- Khortytsia Location of Khortytsia in Zaporizhzhia OblastKhortytsiaKhortytsia (Zaporizhzhia Oblast)
- Coordinates: 47°50′58″N 35°0′55″E﻿ / ﻿47.84944°N 35.01528°E
- Country: Ukraine
- Oblast: Zaporizhzhia Oblast
- District: Zaporizhzhia Raion
- Council: Dolynske Rural Council
- Elevation: 62 m (203 ft)

Population (2016)
- • Total: 80
- Time zone: UTC+2 (EET)
- • Summer (DST): UTC+3 (EEST)
- Postal code: 70420
- Area code: +380 612

= Khortytsia, Zaporizhzhia Oblast =

Khortytsia (Хортиця) is a village (a selo) in the Zaporizhzhia Raion (district) of Zaporizhzhia Oblast in southern Ukraine.

==History==
Khortytsia was built in 1789 by Mennonites settling in the Chortitza Colony and bore the German name Chortitza. Until World War I, there was a lively development of the village, after the war, the village had to suffer from the 1920s and collectivization in 1930. When World War II began in 1941, the residents of Khortytsia were to be deported to Siberia according to the will of the Soviet government. Since the Wehrmacht progressed very quickly, these plans were not realized. Under the German occupation, the population of Chortitza was able to recover somewhat. But as early as 1943, the German population had to be evacuated to Reichsgau Wartheland because the Wehrmacht had to withdraw from the Soviet Union.

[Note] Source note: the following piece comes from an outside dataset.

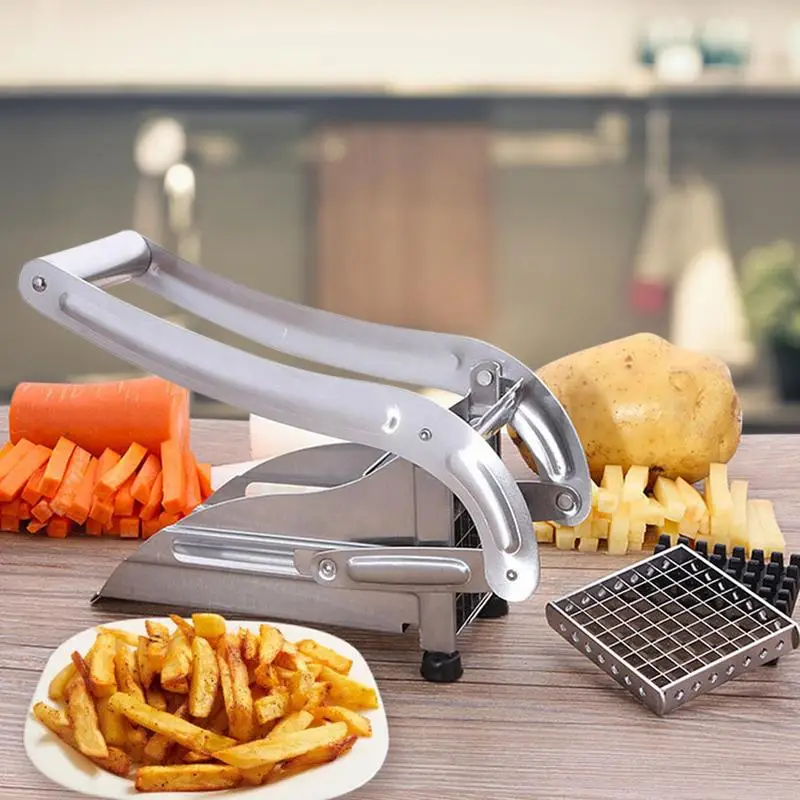 https://ae01.alicdn.com/kf/S2a6b07fcde564c4794fc67ecad8322eaL/Stainless-Steel-French-Fry-Cutter-Innovative-Life-Commercial-Grade-Manual-Potato-Slicer-Includes-2-Blade-Size.jpg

After the end of the Second World War, the place became part of the city of Zaporizhzhia, but on 18 December 2008, the place was again independent at the decision of the Verkhovna Rada and the Dolynske district council.

On May 24, 2016, the village became part of the newly founded rural community of Dolynske, until then it was part of the Dolynske district council in the west of the Zaporizhzhia Raion.